Special Operations Forces on the Rise
U.S. Special Operations Forces continue to experience rapid post-9/11 growth, with swelling ranks, rising budgets and a new set of missions. Special operations forces were reportedly involved along with CIA personnel in the killing of Osama bin Laden in Pakistan on May 1.
“Special operations” are defined (pdf) as military operations that are “conducted in hostile, denied, or politically sensitive environments to achieve military, diplomatic, informational, and/or economic objectives employing military capabilities for which there is no broad conventional force requirement. These operations often require covert, clandestine, or low visibility capabilities…. Special operations differ from conventional operations in degree of physical and political risk, operational techniques, mode of employment, independence from friendly support, and dependence on detailed operational intelligence and indigenous assets.”
Special Operations Forces operate “from the tropics to the Arctic regions, from under water to high elevations, and from peaceful areas to violent combat zones,” said Adm. Eric T. Olson, the Commander of U.S. Special Operations Command (SOCOM).
“Although the precision counterterrorism missions certainly receive the most attention,” he told Congress in the 2011 SOCOM posture statement (pdf) last March, “SOF are conducting a wide range of activities in dozens of countries around the world on any given day.”
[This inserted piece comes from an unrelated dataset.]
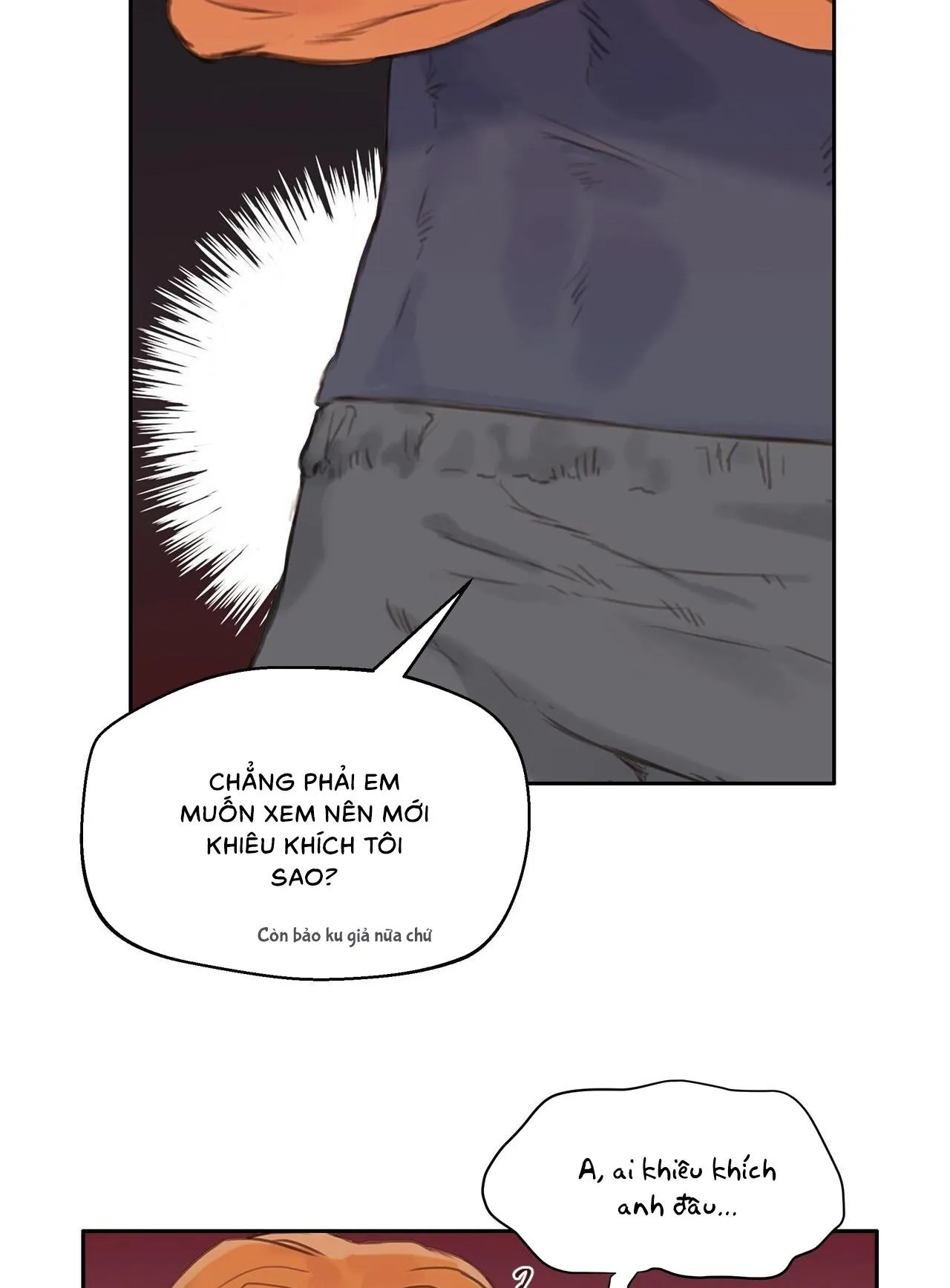 Đứng Yên, Nhúc Nhích Là Cứng Đó! Chapter 3 Trang 35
“On an average day, in excess of 12,000 Special Operations Forces (SOF) and SOF support personnel are deployed in more than 75 countries across the globe,” he said last year (pdf).
The number of special operations personnel has grown 3-5% each year for the last several years and is now approaching 60,000, about one-third of whom are qualified SOF operators.
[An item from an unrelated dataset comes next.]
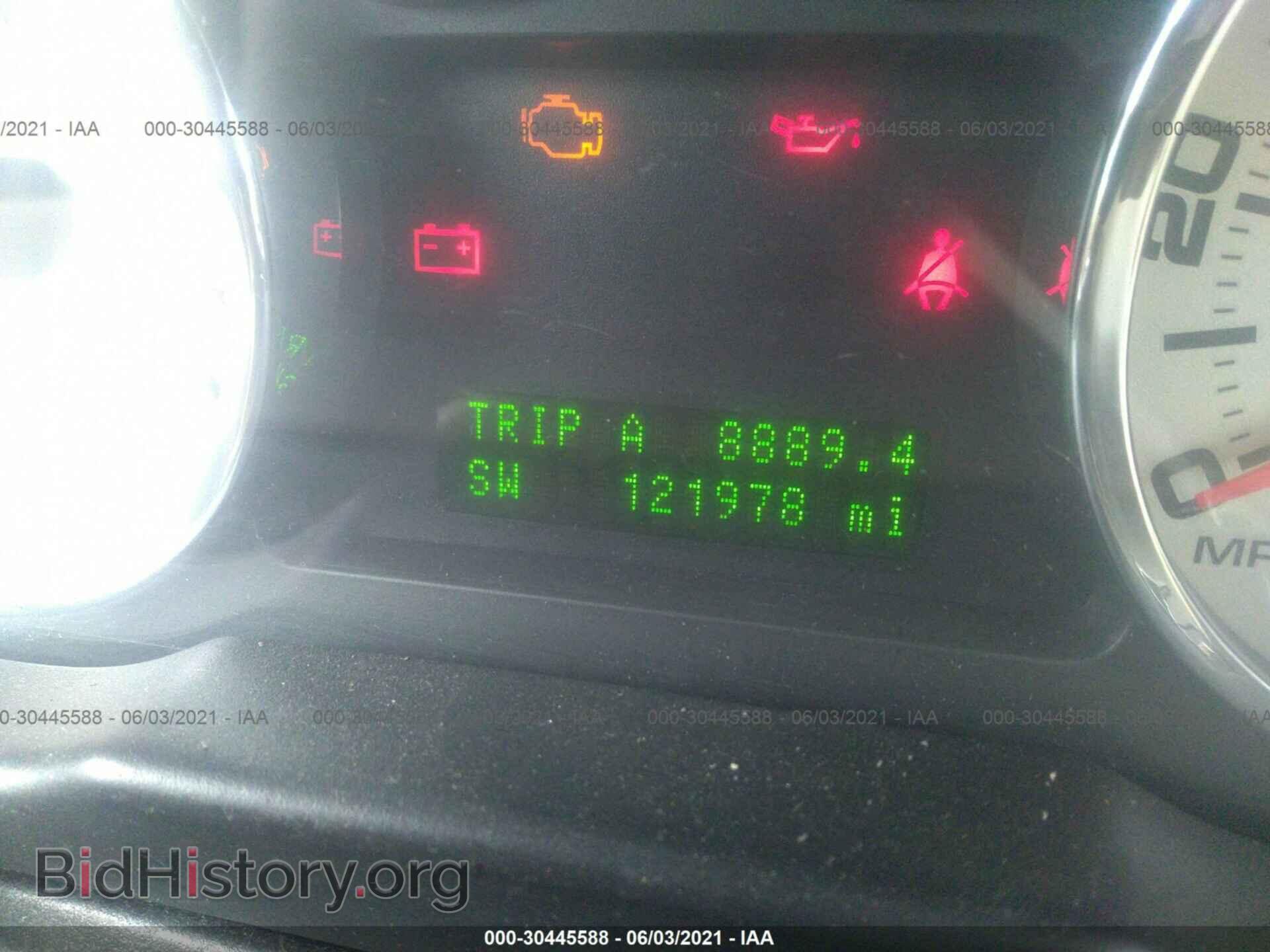 2007 FORD EDGE - VIN: 2FMDK49C77BA89733 - Photo 7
Meanwhile, the SOCOM budget has increased sharply since 9/11 from $2.1 billion in 2001 to $9.8 billion in FY2011. The FY2012 request is $10.5 billion, the Congressional Research Service noted (pdf).
New doctrine (pdf) published last month for Special Operations lists 11 “core activities” versus 9 in the previous edition (2003), reflecting the addition of “security force assistance” — aiding the development of foreign security forces — and counterinsurgency. See “Special Operations,” Joint Publication 3-05, April 18, 2011.
In addition to its core tasks, US SOCOM is also assigned by law (10 USC 167j) to perform “such other activities as may be specified by the President or the Secretary of Defense.” This is an open-ended category that is analogous to the statutory language used to authorize CIA covert actions, and it can be used to underwrite an almost unlimited variety of clandestine missions. But while there is a well-defined mechanism for congressional oversight of covert action, no similar process for congressional notification and review appears to exist for clandestine SOF missions.
A U.S. SOCOM Factbook, dated November 2010, is available here (pdf).
Traditionally all male, Special Operations Forces are recognizing new roles for women, Adm. Olson said. “Our attached female Cultural Support Teams (CSTs) allow us to reach key elements of the population in some environments which was not previously possible. This concept of attaching females to SOF units is effective and long overdue; we are urging the Services to recognize the capabilities of CSTs as essential military skills.”
Curiously, Adm. Olson cited the Office of Strategic Services, the CIA precursor organization, as an exemplar of innovation for SOCOM to follow, suggesting that more contemporary models were hard to find. “Our efforts to become more innovative include studying the best practices of other organizations. For example, we are inspired by the ability of the World War II’s Office of Strategic Services to rapidly recruit specialized talent, develop and acquire new technologies and conduct effective global operations within the period of its relatively brief existence.”